Data extracted from a collection:
Start of Block

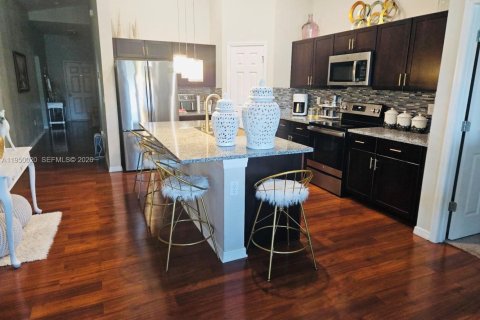 Купить виллу или дом в Уинтер-Хейвен, Флорида 4 спальни, 171.13м2, № 2005735 - фото 4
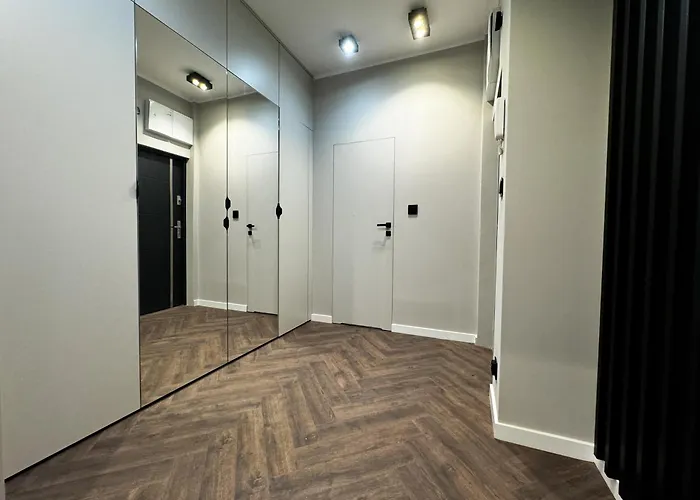 Apartment Central, Modern & Chic Gem, Near Park! 10min To Old Town, Trumski *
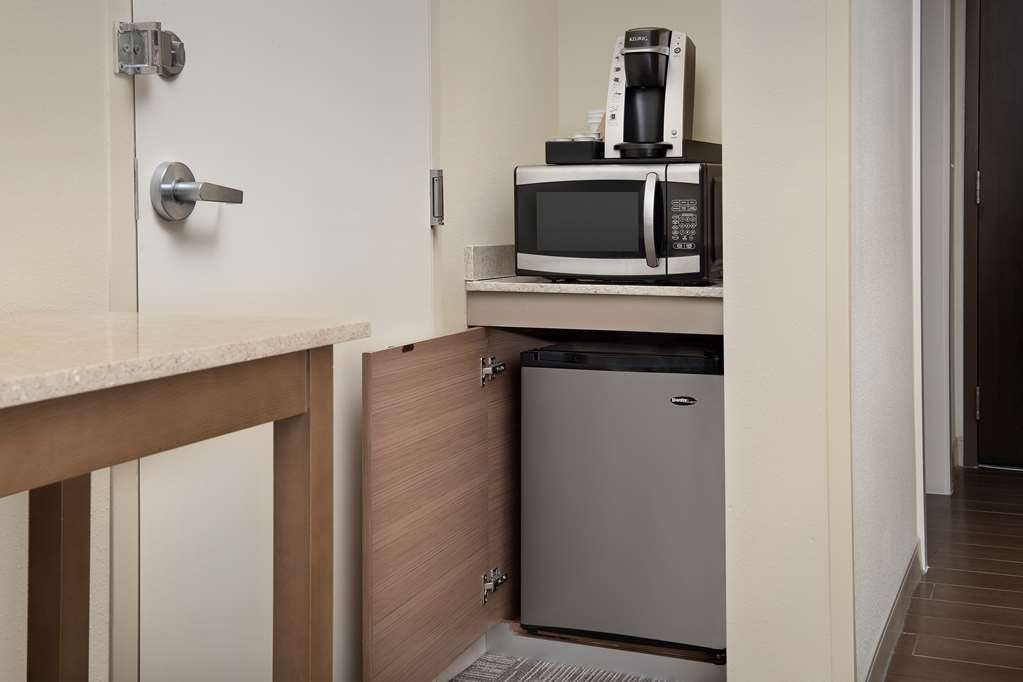 Фото Hilton Garden Inn Charlotte Airport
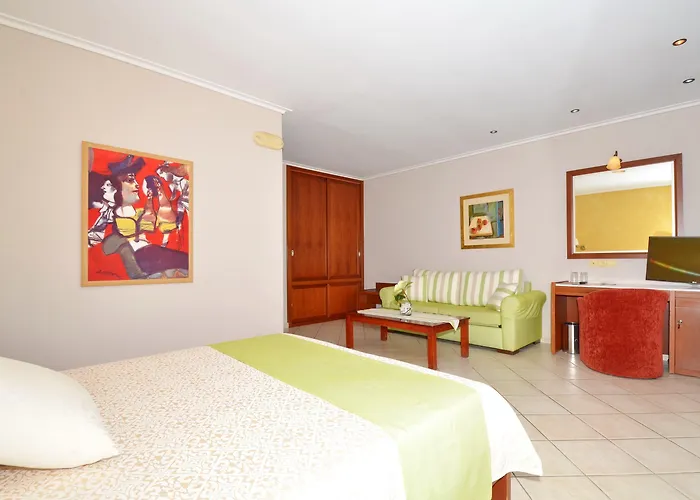 Evilion Sea And Sun 4*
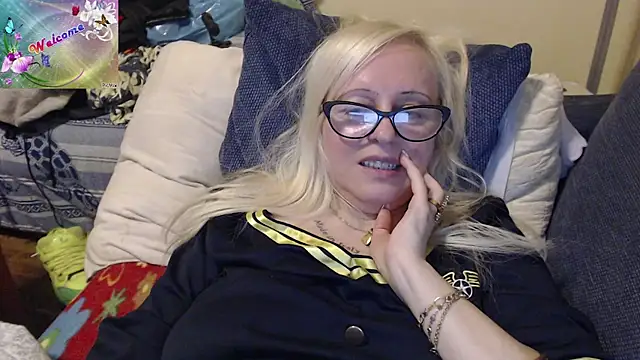 martachatte online show from November 8, 2025, 9:46 pm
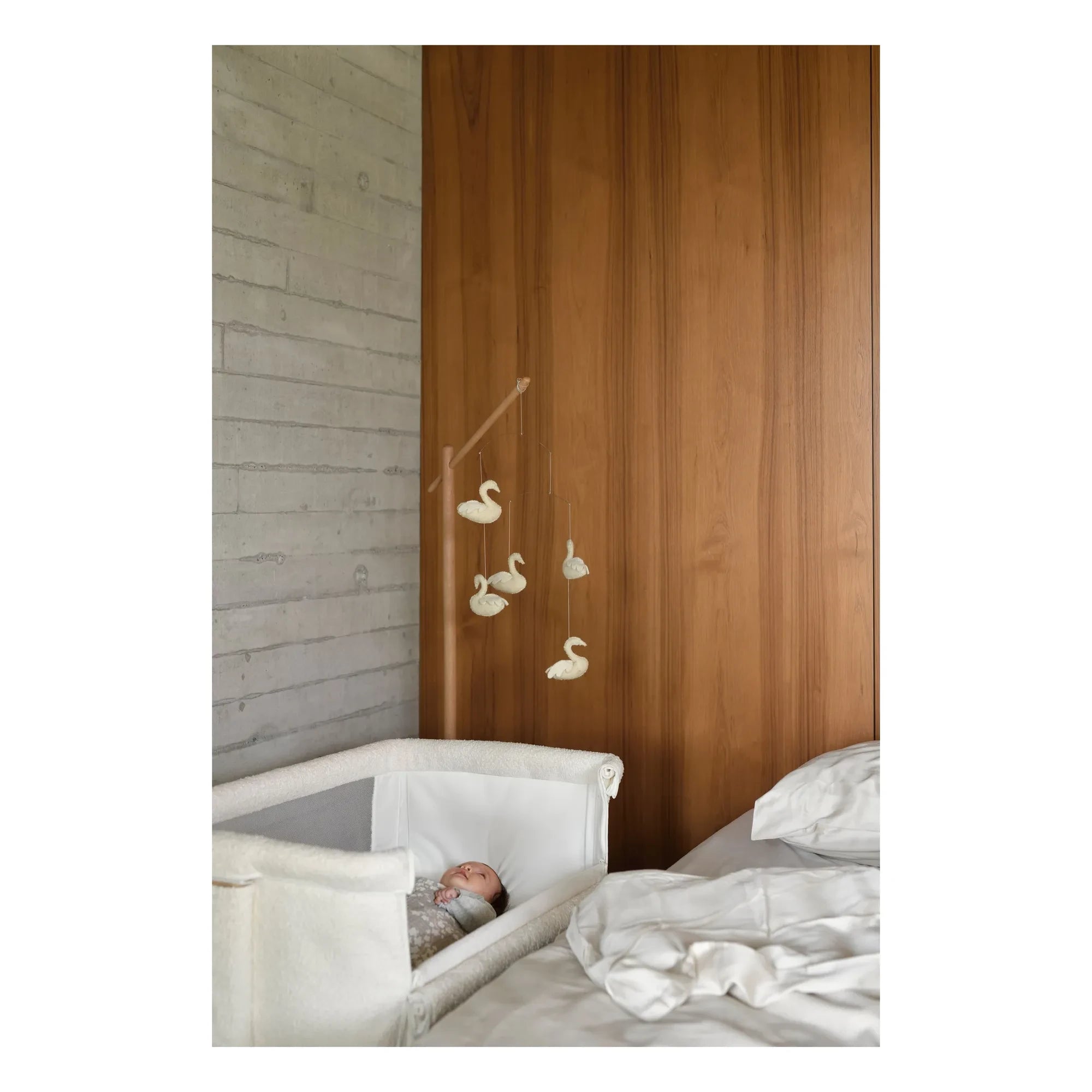 Quax - Mobile Swans | White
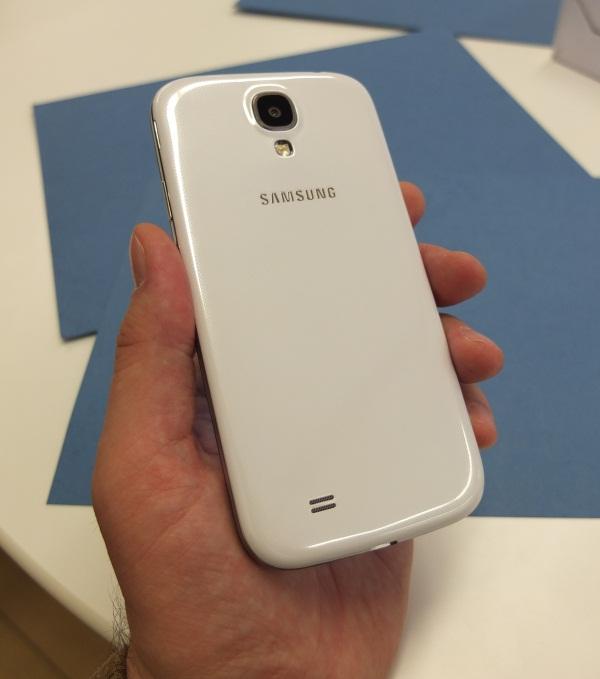 обзор смартфона Samsung Galaxy S4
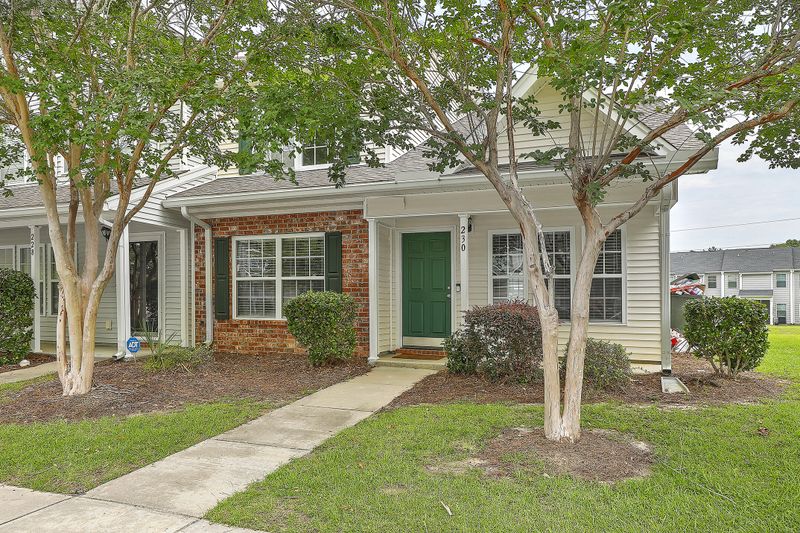 230 Jackson St, Goose Creek, SC 29445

End of Block

Set down all records verbatim, omitting images.

:: YOUR RESPONSE ::
 Купить виллу или дом в Уинтер-Хейвен, Флорида 4 спальни, 171.13м2, № 2005735 - фото 4
 Apartment Central, Modern & Chic Gem, Near Park! 10min To Old Town, Trumski *
 Фото Hilton Garden Inn Charlotte Airport
 Evilion Sea And Sun 4*
 martachatte online show from November 8, 2025, 9:46 pm
 Quax - Mobile Swans | White
 обзор смартфона Samsung Galaxy S4
 230 Jackson St, Goose Creek, SC 29445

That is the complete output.